▶ Dataset excerpt:

________________________________________

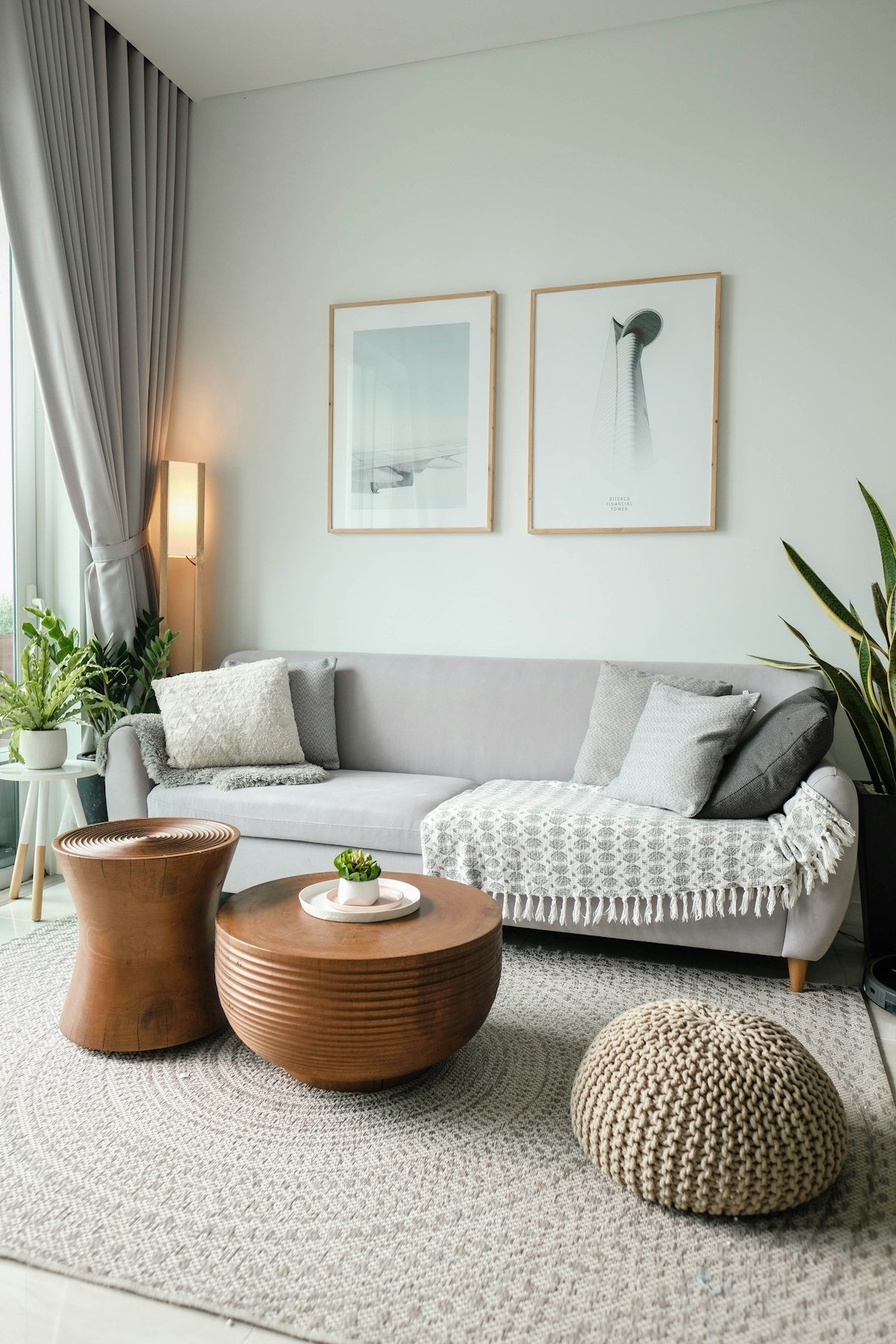 A bright, freshly cleaned living room with large windows and natural light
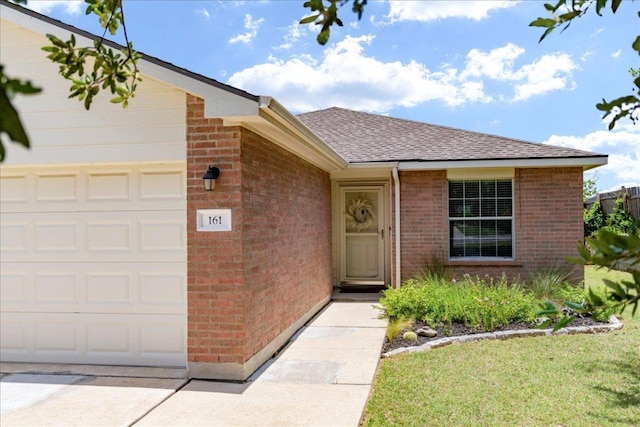 161 Buttercup Way, Kyle, TX 78640 - view of front facade featuring brick siding, an attached garage, and roof with shingles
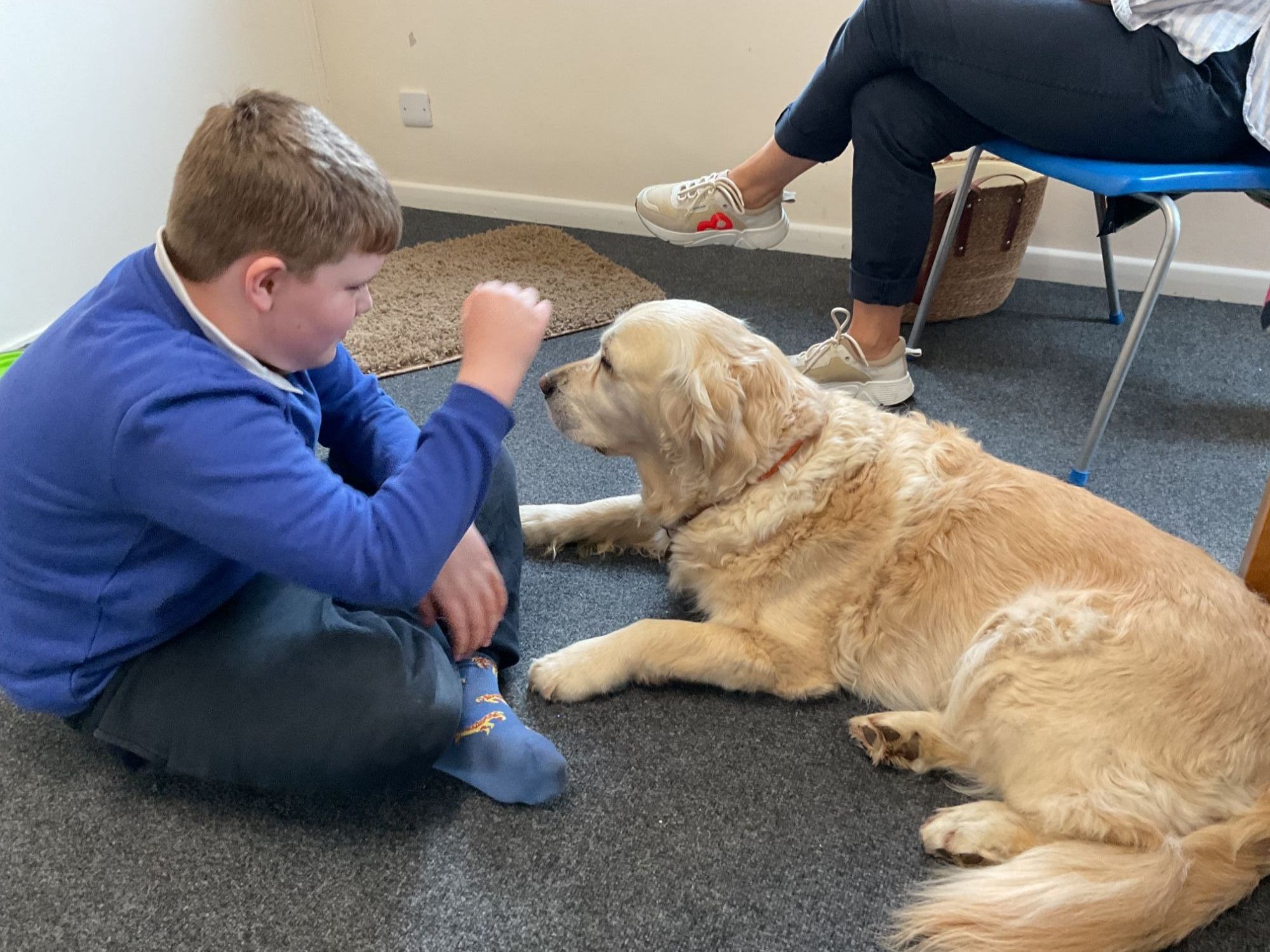 Boy sitting in the floor with Custard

________________________________________

▶ Requirement:
Drop the images and repeat the data exactly.

▶ Problem solution:
 A bright, freshly cleaned living room with large windows and natural light
 161 Buttercup Way, Kyle, TX 78640 - view of front facade featuring brick siding, an attached garage, and roof with shingles
 Boy sitting in the floor with Custard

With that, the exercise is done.